Once in school other factors take over. Reading and writing, making friends, meeting people other than his parents, each bringing a child opportunity for personal development. As the child grows into young adulthood, opportunities abound. Legal adulthood begins at age eighteen with it’s the right to vote, or to go to war. To go to or not to go to college may be the next challenge. Money can likely be a problem, or rather the lack of it might be, but there is still the opportunity to work and to take out a student loan.
Then we look at the computer whiz kids, the geniuses of the present generation. Many of them had a vision and went for it. Some either dropped out of school or didn’t go at all but went straight to the internet with their ideas and hard work to become millionaires and more, before the age of thirty-five. They are not easily recognizable for many wear blue jeans and sneakers to work, drive old cars, and often work twenty-four hours a day and sleep in their offices. Success comes in many different packages. They seized the opportunity and ran with it. Luck plays into the equation, but hard work and good clear minds, plus a belief in themselves helped make them successful. Whether or not to choose the best apparent opportunity for a successful life, is anybody’s uneducated guess, especially for the young and inexperienced who might have a hard time understanding why they, too, must start at the bottom of the stack (i.e. copy boy instead of investigative reporter) for their best opportunity to learn and advance their careers. Some choose to take the best paying job which they may end up hating instead taking a lesser paying, but more interesting job. Does money determine satisfaction? With the abundance of jobs available today one doesn’t have to take the best, or the worst job offered, so the opportunity of choice presents itself once again. Some people are altruistic and become our teachers or social workers. Their lives are dedicated to others. They certainly don’t do it for the money. The joy of helping others succeed is their reward. Non-profit agencies offer a host of interesting jobs, most of which are interesting and fulfilling, but not wealth-making for the average worker. What a shame our culture does not reward service professionals their worth in our society. Then we would all win!
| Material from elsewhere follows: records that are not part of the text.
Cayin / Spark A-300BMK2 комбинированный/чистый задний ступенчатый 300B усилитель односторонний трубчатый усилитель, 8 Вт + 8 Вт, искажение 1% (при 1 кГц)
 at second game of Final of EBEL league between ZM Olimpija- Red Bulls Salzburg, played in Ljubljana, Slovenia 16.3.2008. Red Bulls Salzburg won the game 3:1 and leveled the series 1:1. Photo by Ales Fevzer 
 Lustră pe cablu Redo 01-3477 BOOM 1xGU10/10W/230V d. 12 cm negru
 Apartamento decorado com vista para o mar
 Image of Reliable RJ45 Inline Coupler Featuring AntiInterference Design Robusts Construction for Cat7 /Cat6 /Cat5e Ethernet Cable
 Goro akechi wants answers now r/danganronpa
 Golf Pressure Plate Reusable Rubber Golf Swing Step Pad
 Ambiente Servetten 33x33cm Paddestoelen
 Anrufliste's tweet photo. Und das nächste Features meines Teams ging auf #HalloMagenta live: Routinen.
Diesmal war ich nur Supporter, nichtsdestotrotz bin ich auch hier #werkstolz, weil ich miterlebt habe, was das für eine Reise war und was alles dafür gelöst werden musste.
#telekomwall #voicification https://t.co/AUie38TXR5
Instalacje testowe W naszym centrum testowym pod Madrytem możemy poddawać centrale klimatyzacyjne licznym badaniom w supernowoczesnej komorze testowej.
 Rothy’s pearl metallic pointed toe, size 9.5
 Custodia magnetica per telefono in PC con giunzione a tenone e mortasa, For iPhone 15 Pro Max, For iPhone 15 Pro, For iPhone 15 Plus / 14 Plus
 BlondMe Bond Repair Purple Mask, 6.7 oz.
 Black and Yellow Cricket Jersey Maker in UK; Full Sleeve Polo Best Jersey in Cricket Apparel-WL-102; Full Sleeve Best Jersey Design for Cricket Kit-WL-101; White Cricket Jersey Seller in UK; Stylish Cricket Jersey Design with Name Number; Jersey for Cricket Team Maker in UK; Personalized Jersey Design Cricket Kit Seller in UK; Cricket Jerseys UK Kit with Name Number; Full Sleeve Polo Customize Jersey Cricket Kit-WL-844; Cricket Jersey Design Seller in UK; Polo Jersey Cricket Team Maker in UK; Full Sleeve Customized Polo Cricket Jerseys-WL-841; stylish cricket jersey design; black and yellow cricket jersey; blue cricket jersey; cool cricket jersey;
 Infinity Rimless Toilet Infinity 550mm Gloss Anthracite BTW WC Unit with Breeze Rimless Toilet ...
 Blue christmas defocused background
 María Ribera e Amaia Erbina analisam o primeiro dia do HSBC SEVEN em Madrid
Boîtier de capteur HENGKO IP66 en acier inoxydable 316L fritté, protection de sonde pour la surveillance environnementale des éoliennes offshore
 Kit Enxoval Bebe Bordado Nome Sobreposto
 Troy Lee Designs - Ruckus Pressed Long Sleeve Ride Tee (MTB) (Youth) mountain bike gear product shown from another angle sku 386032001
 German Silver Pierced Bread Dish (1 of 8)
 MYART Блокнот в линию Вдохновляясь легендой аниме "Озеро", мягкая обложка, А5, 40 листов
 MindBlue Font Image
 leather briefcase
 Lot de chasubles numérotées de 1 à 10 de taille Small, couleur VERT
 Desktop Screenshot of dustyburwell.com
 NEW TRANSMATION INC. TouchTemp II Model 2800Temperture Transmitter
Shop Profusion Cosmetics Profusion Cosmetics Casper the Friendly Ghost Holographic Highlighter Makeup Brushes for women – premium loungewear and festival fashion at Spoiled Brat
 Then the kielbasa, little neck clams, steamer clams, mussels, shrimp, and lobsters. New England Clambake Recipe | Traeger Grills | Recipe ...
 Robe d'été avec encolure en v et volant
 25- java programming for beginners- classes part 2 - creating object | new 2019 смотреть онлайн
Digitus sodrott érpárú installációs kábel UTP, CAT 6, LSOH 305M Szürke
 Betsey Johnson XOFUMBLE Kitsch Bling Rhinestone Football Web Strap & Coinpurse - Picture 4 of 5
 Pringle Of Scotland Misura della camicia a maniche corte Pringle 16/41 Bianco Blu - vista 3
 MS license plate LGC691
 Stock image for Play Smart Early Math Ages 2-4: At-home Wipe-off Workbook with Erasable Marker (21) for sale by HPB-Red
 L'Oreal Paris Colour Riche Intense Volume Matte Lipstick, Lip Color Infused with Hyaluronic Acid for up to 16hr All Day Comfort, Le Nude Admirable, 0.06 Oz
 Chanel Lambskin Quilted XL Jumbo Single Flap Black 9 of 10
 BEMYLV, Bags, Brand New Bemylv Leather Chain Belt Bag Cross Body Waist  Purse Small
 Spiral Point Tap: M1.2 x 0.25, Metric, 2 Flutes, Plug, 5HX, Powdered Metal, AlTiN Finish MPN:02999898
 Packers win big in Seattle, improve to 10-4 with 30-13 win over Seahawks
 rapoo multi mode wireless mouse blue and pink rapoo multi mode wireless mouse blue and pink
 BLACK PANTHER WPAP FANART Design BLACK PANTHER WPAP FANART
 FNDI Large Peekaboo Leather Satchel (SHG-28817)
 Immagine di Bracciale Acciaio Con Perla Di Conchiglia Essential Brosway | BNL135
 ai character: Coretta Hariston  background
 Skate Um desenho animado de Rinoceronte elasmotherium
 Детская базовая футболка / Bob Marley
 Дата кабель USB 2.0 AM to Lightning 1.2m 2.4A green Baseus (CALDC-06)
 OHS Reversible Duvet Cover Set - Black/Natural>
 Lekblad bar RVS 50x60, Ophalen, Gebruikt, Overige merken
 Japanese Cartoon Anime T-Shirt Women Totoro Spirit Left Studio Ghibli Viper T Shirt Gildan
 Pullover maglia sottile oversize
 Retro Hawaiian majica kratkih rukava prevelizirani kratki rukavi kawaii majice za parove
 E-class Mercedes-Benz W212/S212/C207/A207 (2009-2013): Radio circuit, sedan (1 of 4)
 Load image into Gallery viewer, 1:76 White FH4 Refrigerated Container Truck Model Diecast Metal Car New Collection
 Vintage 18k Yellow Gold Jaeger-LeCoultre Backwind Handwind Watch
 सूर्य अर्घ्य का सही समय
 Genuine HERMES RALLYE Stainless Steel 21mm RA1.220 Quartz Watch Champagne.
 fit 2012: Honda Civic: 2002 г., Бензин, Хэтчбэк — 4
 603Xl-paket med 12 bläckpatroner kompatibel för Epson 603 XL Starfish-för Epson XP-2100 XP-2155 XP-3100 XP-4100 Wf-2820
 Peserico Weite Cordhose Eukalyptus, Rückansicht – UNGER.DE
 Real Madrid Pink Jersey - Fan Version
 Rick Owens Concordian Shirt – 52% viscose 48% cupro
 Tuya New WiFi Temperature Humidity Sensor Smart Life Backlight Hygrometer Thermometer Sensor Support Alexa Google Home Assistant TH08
And so it goes and has gone since Adam and Eve, when Eve chose the apple, and Pandora opened the fateful Box. Often things happen which are beyond our control and change the direction we hope to travel in our lives, and opportunities are lost. We may become self-pitying and say, “But, I never had the opportunity…to get an education, to learn music to paint, or to get the right job.” And we become lost in our misery and disappointment. Our epitaphs might read “One who died searching instead of doing.” Success comes more easily to some. But what is success? Is it equated with money? I believe a truly successful person is one who loves his job more than money. He explores outside his work for seeking new experiences and horizons and doesn’t live for his job alone. People seem to be exploring life these days and are seeking new adventures, new horizons, some of which often become new careers to turn at retirement. People are no longer married to their jobs and statistics show that, among people in the work force today, apart from being disloyal, will likely have three career changes in their lifetime. Many return to studies in order to change their careers. It’s a new world. One to be applauded. The days of gold watches and employer loyalty for an entire career is a thing of the past. No more thirty-year pins! What has brought this about? Opportunities!
I had the opportunity to sit at my computer this month and write a perfectly good story which I could be reading to you tonight, but I never had the opportunity to write it because (take your choice): I was reading a good book; I wanted to read the Sunday paper; I am still doing my Christmas cards. In my mind I have a good story, but I haven’t had time to write it yet. There’s shopping to do, you know. I had to fix supper and clean up the kitchen. I was too tired to turn on the computer. We had company. I have writers’ block. I never had the chance to go to the University of Missouri School of Journalism where I might have learned to write. I have too many bills to pay. I’m too old to write. Everybody else in this group is a better writer than I am. Oh, yes, I misplaced my glasses again.
The End.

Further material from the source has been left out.